Trying to Prevent Lawsuits for PCO's


By Greg Crosslin
April 11, 2001

In December, I had the distinct pleasure of speaking at the Florida Pest Control Association's Annual Termite Symposium in Orlando, Fla. It was truly one of the best "termite" meetings I have ever attended, in terms of both attendance as well as the presentations by the various speakers and exhibitors. Although Aventis Professional Products' Paul Bello has already reported on some of the information from my presentation, I've received so many requests for information about the topics that were discussed at the symposium that I thought I should review it here.

I will not try to recreate my entire presentation; however, because of the number of inquiries, I think it's necessary to discuss several items that seemed to receive the most attention. While certainly not magical, I identified a checklist of things to help prevent lawsuits based primarily on common sense and the dictates of good day-to-day practices.

  1. Be thoroughly familiar with EPA and/or your state regulations. While this should go without saying, I recently attended a deposition where one of my client's technicians testified that he had not seen nor read state regulations in a year or so and was not all that "familiar with them." Since regulations are just that and since they determine and dictate our very existence, we need to be as familiar with them as possible.

  2. Follow the dictates of our contracts.
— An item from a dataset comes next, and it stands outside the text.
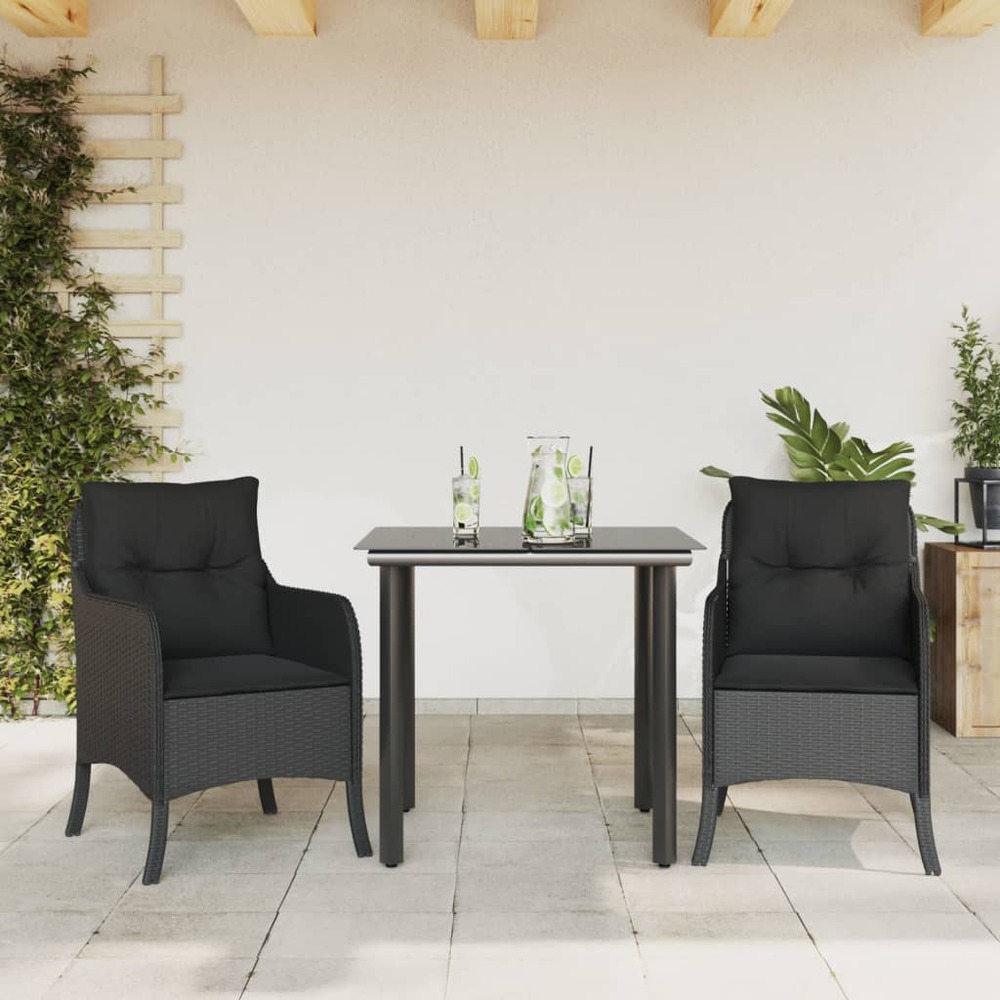 Ensemble à manger de jardin avec coussins 3 pcs noir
In virtually every state, the law clearly indicates that contracts are construed or drafted against their maker. Since we provide the contract to the homeowner, any ambiguous term will be construed against the pest management professional. Thus, if we do not check a blank or fill out a form properly and it is our form, we will be held accountable and the consumer's interpretation of the same contract will most likely prevail.

    Thus, it is important to make sure that we have a firm understanding of what our contract says we will do and that we do what we say we will do. It is amazing how many contracts are not properly understood by the pest management professional using the form and by the technicians who fill them out. I have seen contracts admitted into evidence at trial that have contradictory information filled out and that have competing blocks filled out that should have one or the other checked off — but not both.

    I've even seen contracts that have handwritten annotations that clearly alter the meaning of the contract.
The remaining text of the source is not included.